One of my favorite parts of the book was the idea of appreciating the ordinary in our children. In all likelihood, HP will not become an Olympic athlete, famous musician, or President of the United States. He will be ordinary. Extraordinary to me as his mother, of course, but ordinary to the world. When we are able to appreciate the ordinary, we free our children from undue expectations and allow them to simply be who they are.
I know I will turn to my parents' example when trying to live out this concept. Growing up, my parents were the most sane parents I knew. They never tried to live vicariously through my accomplishment, which more than I can say for many of my peers. My mother went to every diving meet of my career, save one. I remember one meet in particular where I failed a dive, which is just what it sounds like: I preformed the dive so terribly that I did not receive a score. When I talked to my mom in the stands after the dive, she said, "But you looked so beautiful in the air!" And she meant it. She genuinely did not care about where I placed or what scores I received, only that I was happy. In contrast, my teammates often received "advice" from their parents on how they could do better. Even at the time I recognized how special it was that my value was in no way connected to my performance. My parents knew that I did not need them to be my coach--I already had one of those; I needed them to be my parents. They let me be ordinary.

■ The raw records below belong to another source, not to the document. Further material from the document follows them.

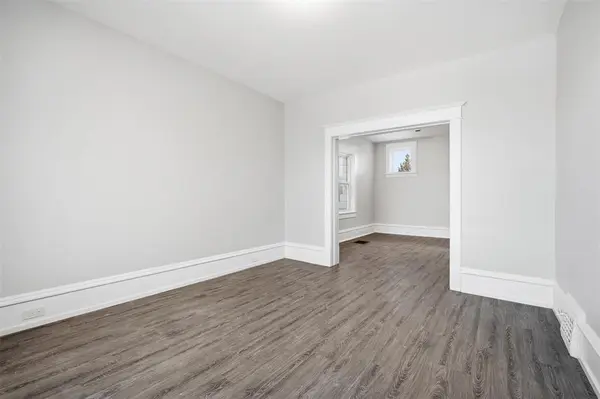 1405 Elgin AVE, Winnipeg, MB R3E 1B7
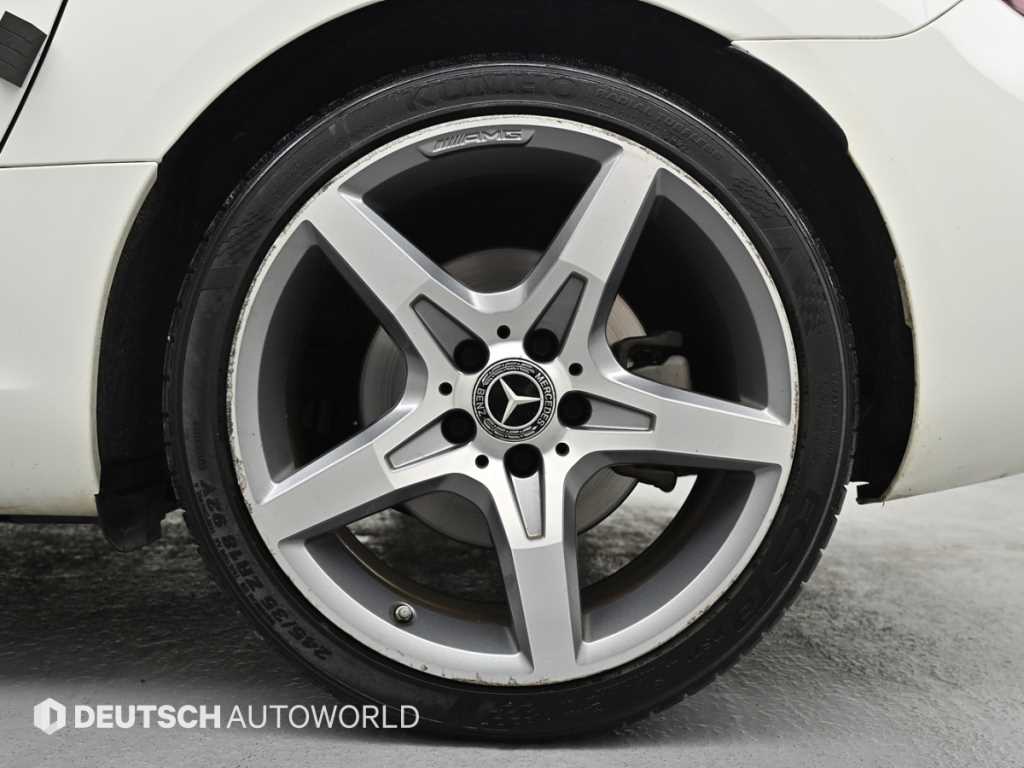 Mercedes-Benz SLC-Class — photo 05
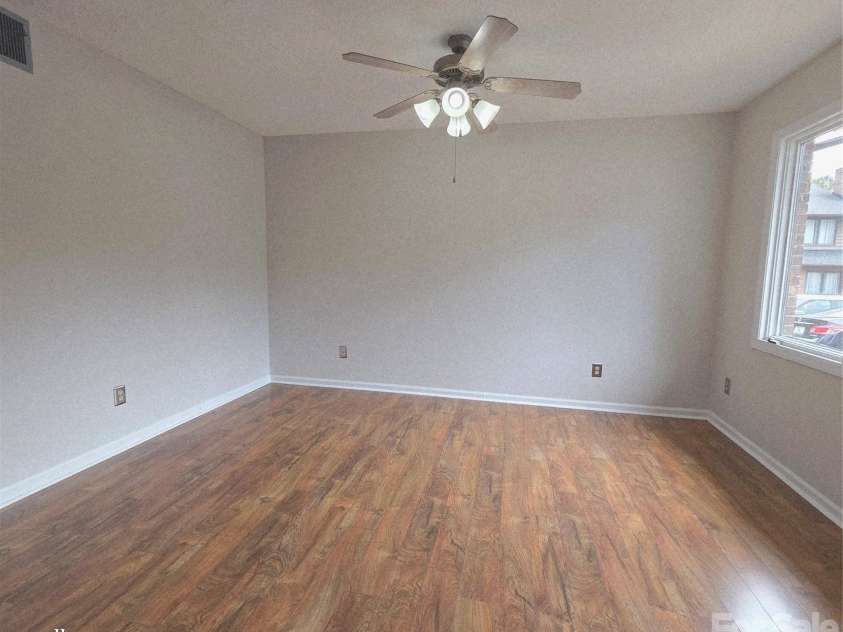 326 Patton Drive, Shelby, NC 28150.  MLS# CAR4365918, YatesRealty ID 9889. Living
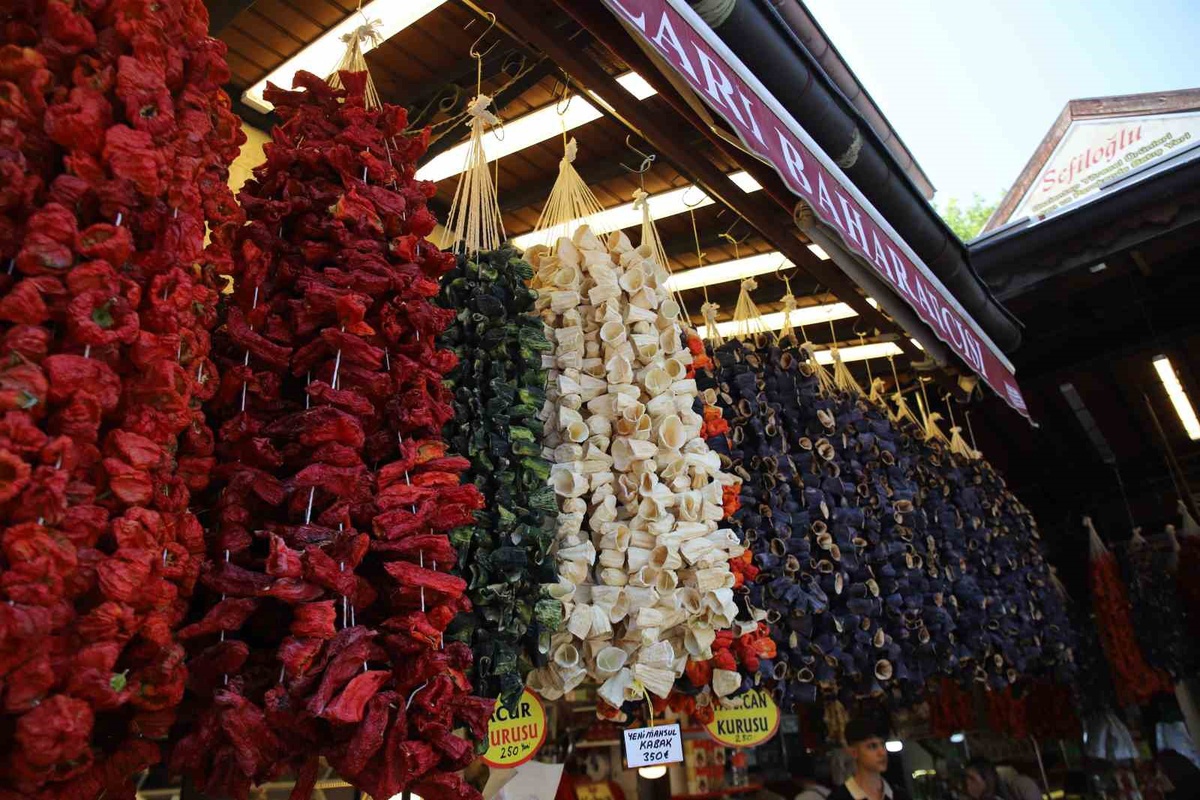 Gaziantep\'te Kurutmalık Tezgahları Renklendi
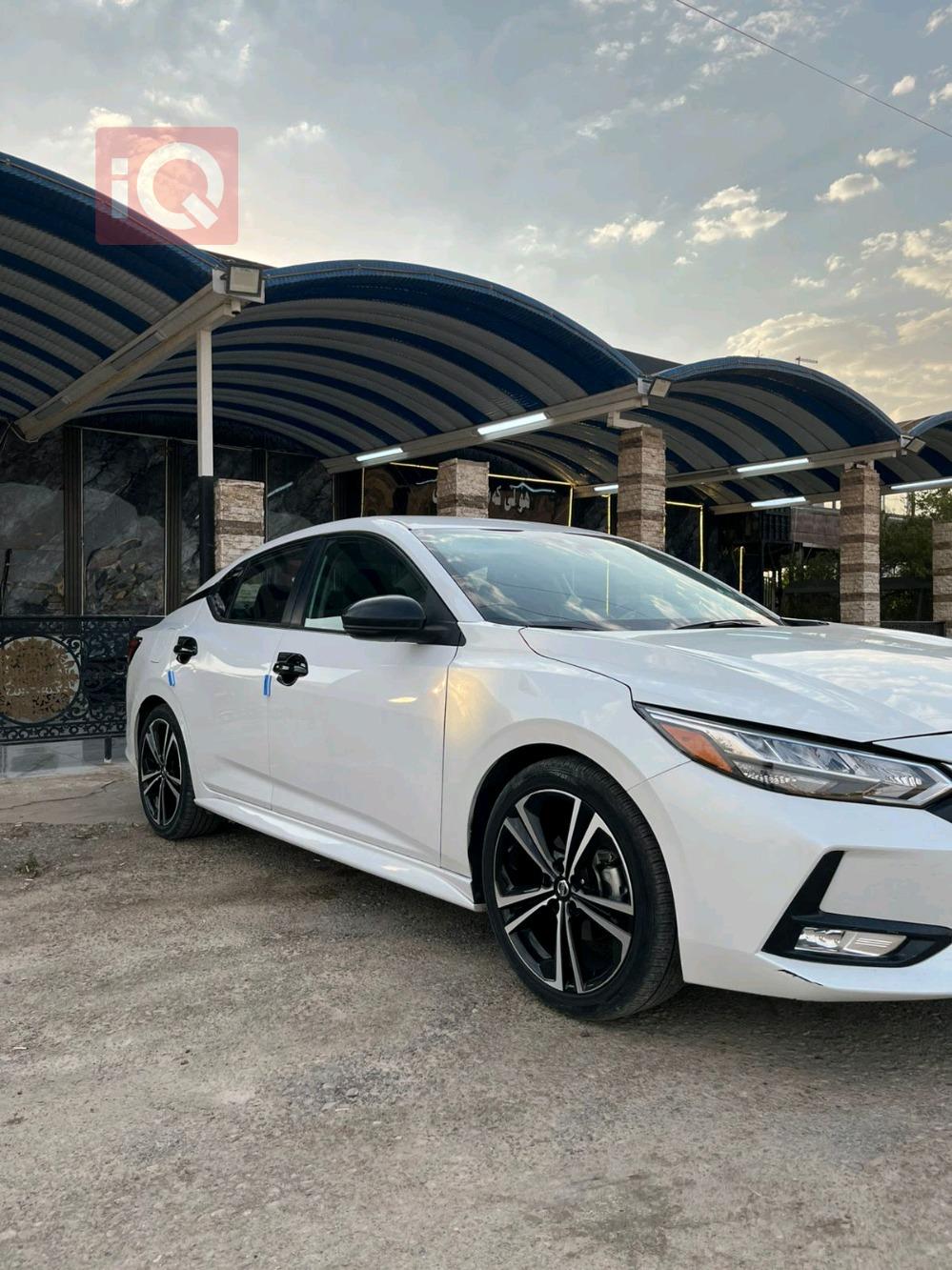 نیسان سێنترا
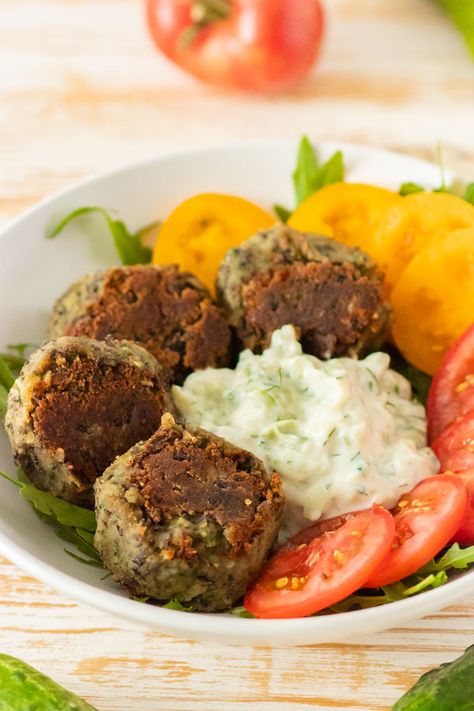 Black Bean Falafel Recipe, Black Bean Falafel, Slavic Recipes, Tzatziki Sauce Easy, Vegan Tzatziki Sauce, Vegan Burger Buns, Vegan Bean Chili, Falafel Bowls, Homemade Soy Milk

I want to do the same for HP. He may excel in sports, music, or academics, or he may not. I want him to know that the joy is not in becoming "the best", but simply in doing what he loves. I hope he enjoys playing a sport or an instrument because it is challenging, rewarding, and--wait for it--fun!, not just because he has a talent for it.
In a culture where parents often blur the lines between their child's success and their own, I want HP to know that his value and worth are in who he is, not what he does. I want him to be comfortable being just who he is, the ordinary and all.